= Robie Lewis Reid =

Robie Lewis Reid (1866 – 1945) was a historian and jurist in British Columbia, Canada. Reid wrote many books and essays on the history of British Columbia, but his special interest was the study of the works of Rudyard Kipling. Another special field of interest was that coins of early British Columbia, concerning which he remains one of the main authorities.

==Biography==
Reid was born in Cornwallis Township, Kings County, Nova Scotia, in the community of Steam Mill Village on November 3, 1866, but ventured to British Columbia in 1885 to Victoria, British Columbia, in 1885 to write the provincial teacher's examination. During this experience he met Frederic W. Howay, with whom he established a personal and professional relationship that lasted sixty years. Reid persuaded Howay to return to Nova Scotia with him to register for Law at Dalhousie University, from which they graduated together in 1890 and in 1893 formed the lawfirm Howay & Reid. Reid was appointed debenture commissioner for New Westminster after that city's Great Fire in 1898.
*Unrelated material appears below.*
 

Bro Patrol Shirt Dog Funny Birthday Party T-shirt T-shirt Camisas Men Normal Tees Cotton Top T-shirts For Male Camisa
In 1907 Reid joined William J. Bowser, then Attorney-General of British Columbia and later Premier, and D.S. Wallbridge to form Bowser, Reid & Wallbridge. From 1927 to 1943 Reid was a Bencher of the Law Society of British Columbia. Reid was also a member of the UBC board of governors from 1913 to 1935, and President of the British Columbia Historical Association in 1937, and is credited with the founding of the British Columbia Historical Quarterly. He was made a Fellow of the Royal Society of Canada in 1936, and was also a Member of the American Historical Association, Washington.

Dr. Reid's interests in literature and the arts are also well documented. He was the first President of the Vancouver Little Theatre Association, and a member and chairman of the Board of the Vancouver Public Library.
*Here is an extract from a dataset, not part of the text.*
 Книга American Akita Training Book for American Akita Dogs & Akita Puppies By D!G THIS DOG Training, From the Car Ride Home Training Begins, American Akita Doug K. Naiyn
He died on February 6, 1945, of failing health.

==Legacy==
- Mount Robie Reid to the north of the Maple Ridge and Mission, British Columbia, near the Golden Ears, was named in commemoration of Reid, Mount Judge Howay just to the northeast was named for his colleague F.W. Howay.
- The Howay-Reid Collection at the University of British Columbia was founded by Reid's donation of his personal book collection of 9,000 books, over 4,000 pamphlets, and a collection of assorted other media, including maps, photographs, correspondences, plus 50,000 file cards naming books he had been searching for. At the time of its creation this was the largest collection of Canadiana anywhere in the country.